West Texas Intermediate (WTI), futures on NYMEX, extends its recovery to $79.00 in Monday’s European session. The Oil price rebounds after a six-day losing spell on multiple tailwinds. The black gold benefitted from a decline in the US Dollar, a deepening Middle East crisis, and an increase in official selling prices of Oil by Saudi Arabia to various regions.
The dollar-denominated Oil rises as an appeal for the Greenback darkens after the crucial United States official labour market data for April remained weak. The US Nonfarm Payrolls (NFP) data released on Friday reported that fewer jobs were created and the Unemployment Rate rose to 3.9%.
Weak job market status prompts expectations for the Federal Reserve (Fed) to unwind its restrictive interest rate stance. The scenario is favourable for the Oil price as it increases its demand.

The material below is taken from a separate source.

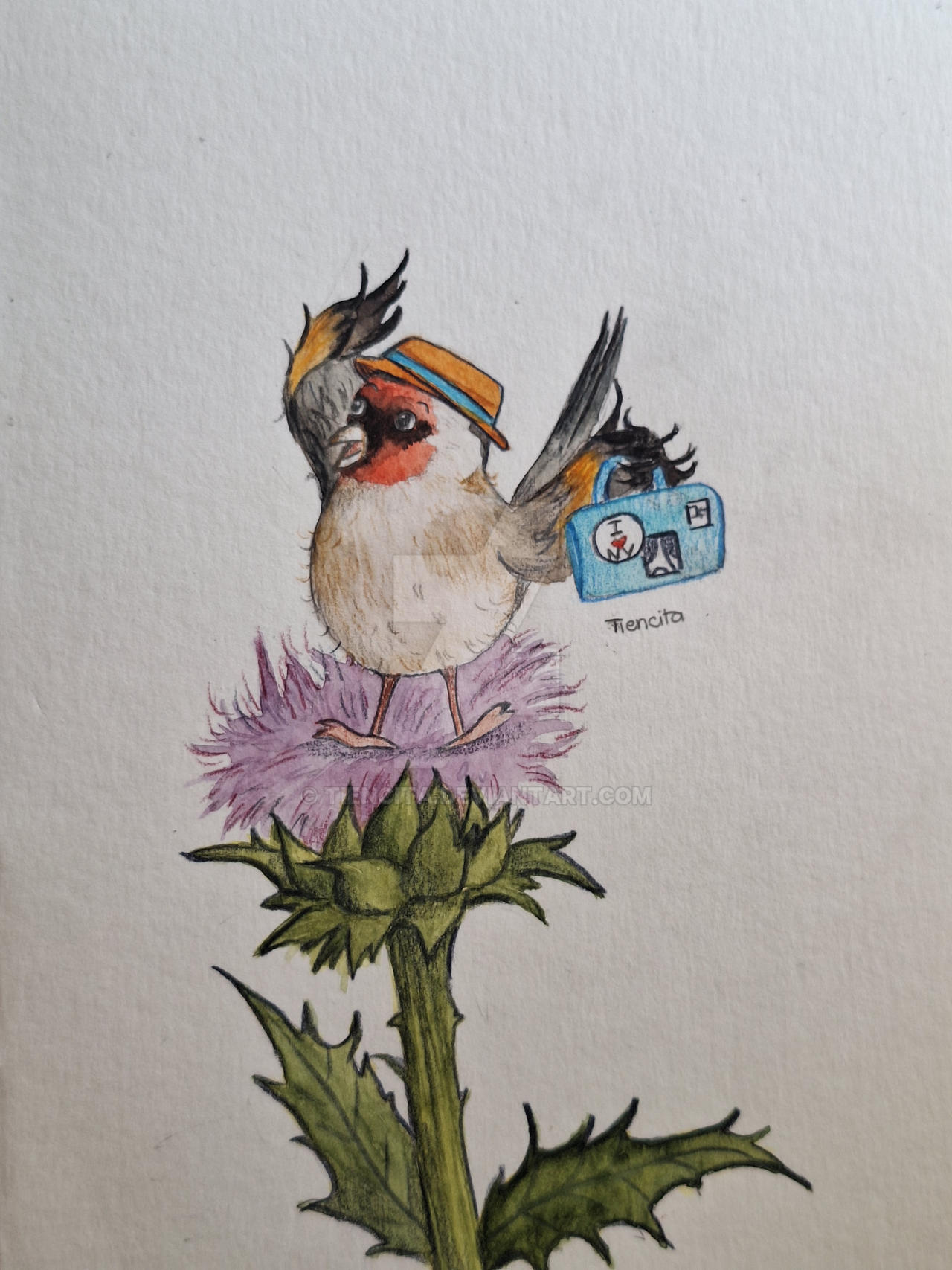 The goldfinch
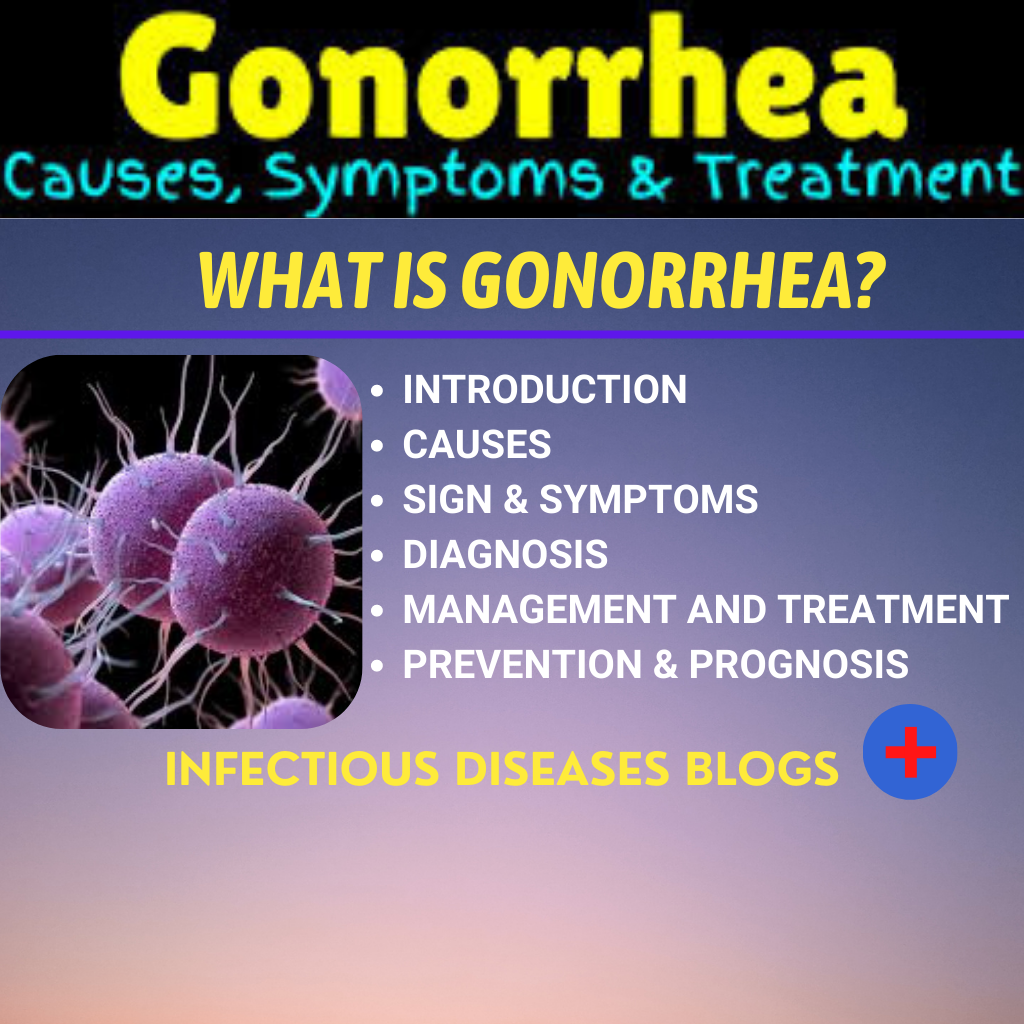 What is Gonorrhea(STI)?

Meanwhile, geopolitical risks in the Middle East region have deepened fears of tightening oil supply. The ceasefire between Israel and Palestine is less likely, and the former is expected to extend its operation into Rafah, which is the southern part of Gaza.
Apart from that, Saudi Arabia's move to raise the official selling prices (OSPs) for its crude sold to Asia, Northwest Europe and the Mediterranean in June, signalling expectations of strong demand this summer, reported Reuters.